**Your instructions:** Omit every picture, and retype the lines that run from the beginning of the data below through the line containing "Художник Зураб Церетели", inclusive.

**Dataset records:**
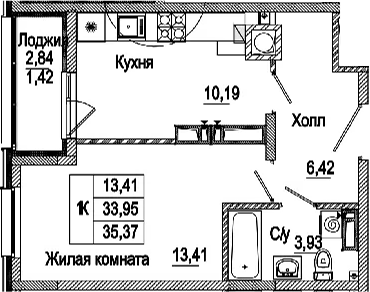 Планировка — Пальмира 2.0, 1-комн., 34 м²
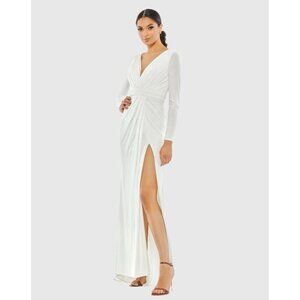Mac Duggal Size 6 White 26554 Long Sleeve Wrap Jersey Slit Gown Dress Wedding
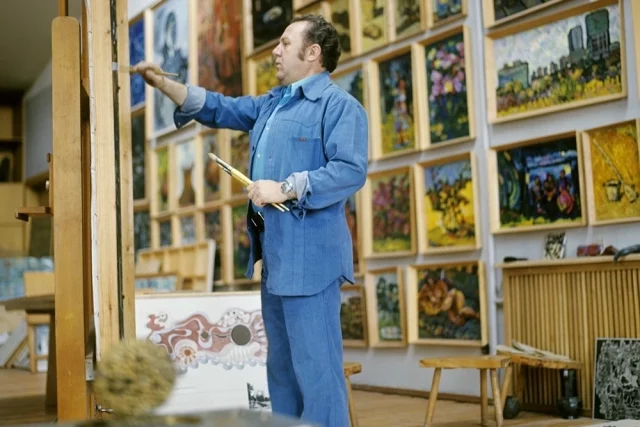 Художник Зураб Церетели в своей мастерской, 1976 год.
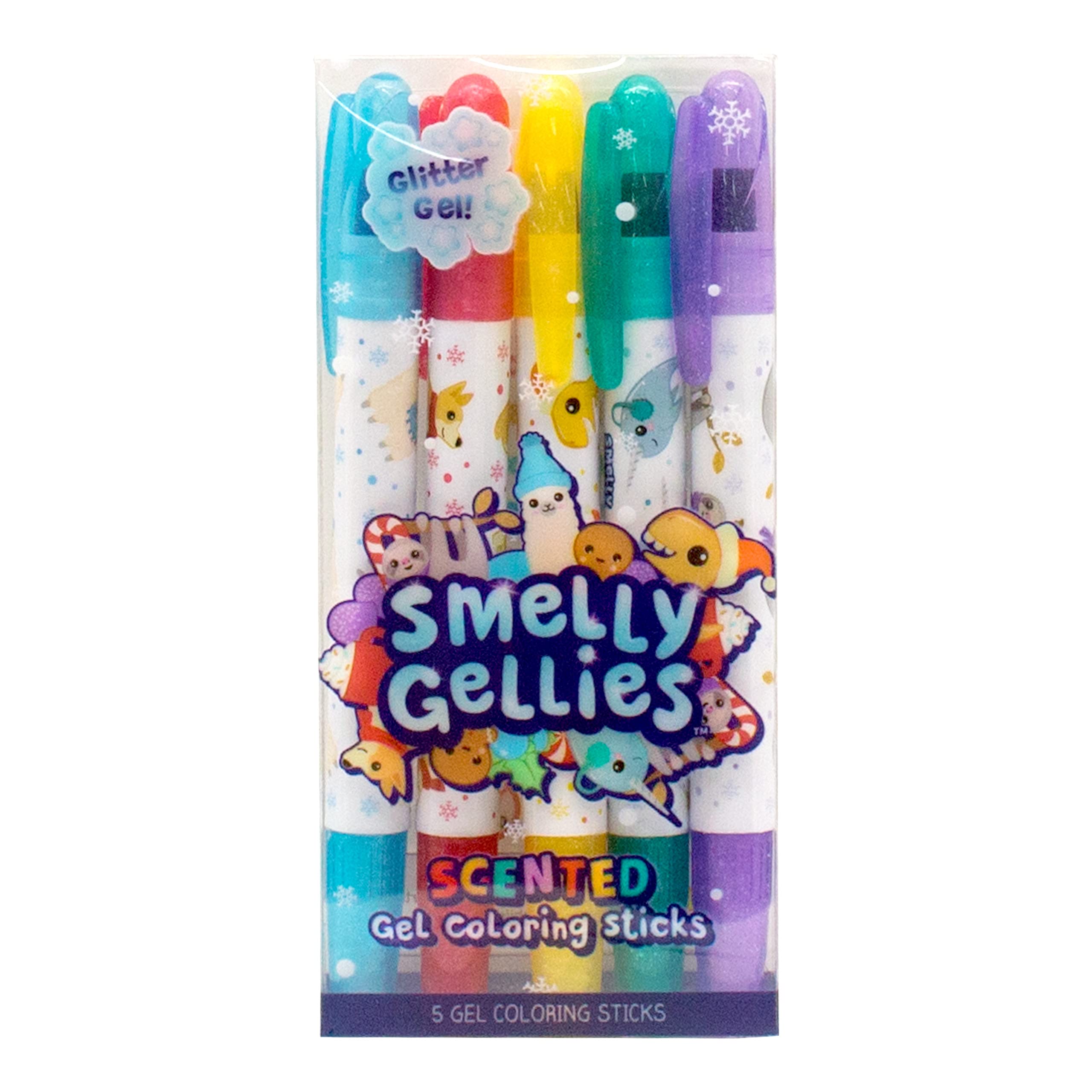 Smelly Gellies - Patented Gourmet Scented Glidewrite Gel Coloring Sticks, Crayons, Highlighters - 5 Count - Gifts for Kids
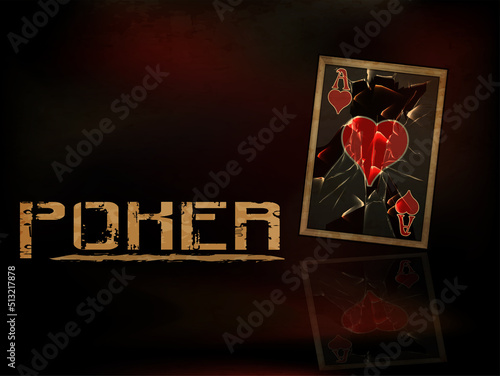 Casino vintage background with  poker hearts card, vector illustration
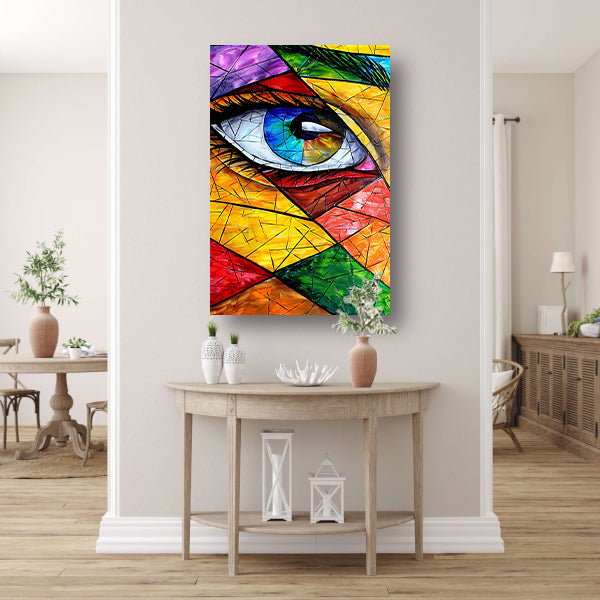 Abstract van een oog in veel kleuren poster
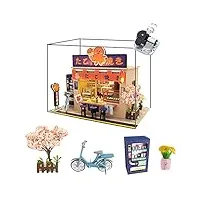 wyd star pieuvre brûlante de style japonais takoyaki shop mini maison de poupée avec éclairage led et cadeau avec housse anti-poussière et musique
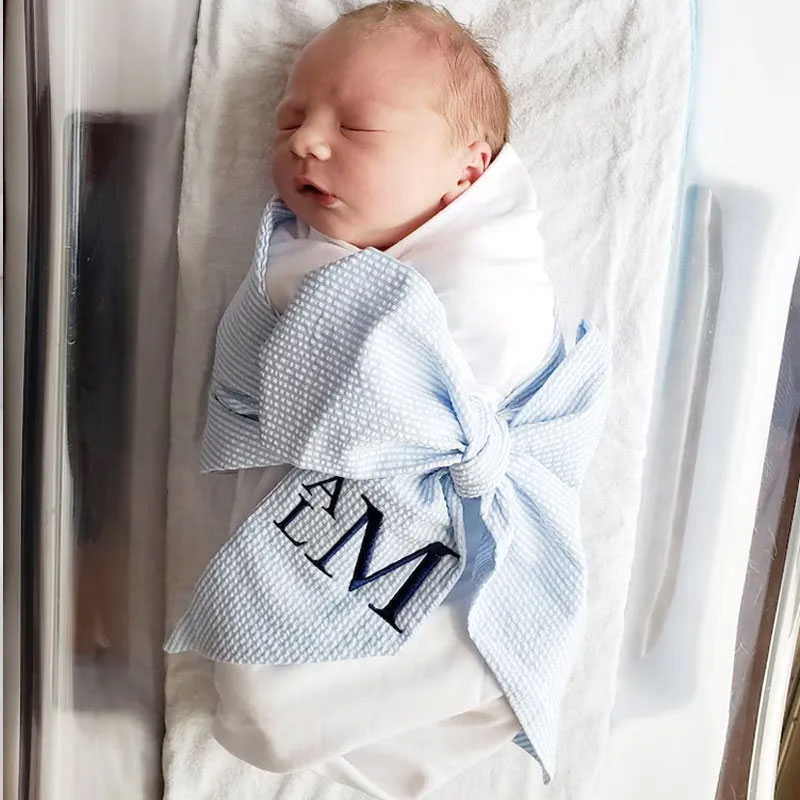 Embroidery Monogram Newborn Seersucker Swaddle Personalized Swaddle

**Result of this exercise:**
 Планировка — Пальмира 2.0, 1-комн., 34 м²
Mac Duggal Size 6 White 26554 Long Sleeve Wrap Jersey Slit Gown Dress Wedding
 Художник Зураб Церетели в своей мастерской, 1976 год.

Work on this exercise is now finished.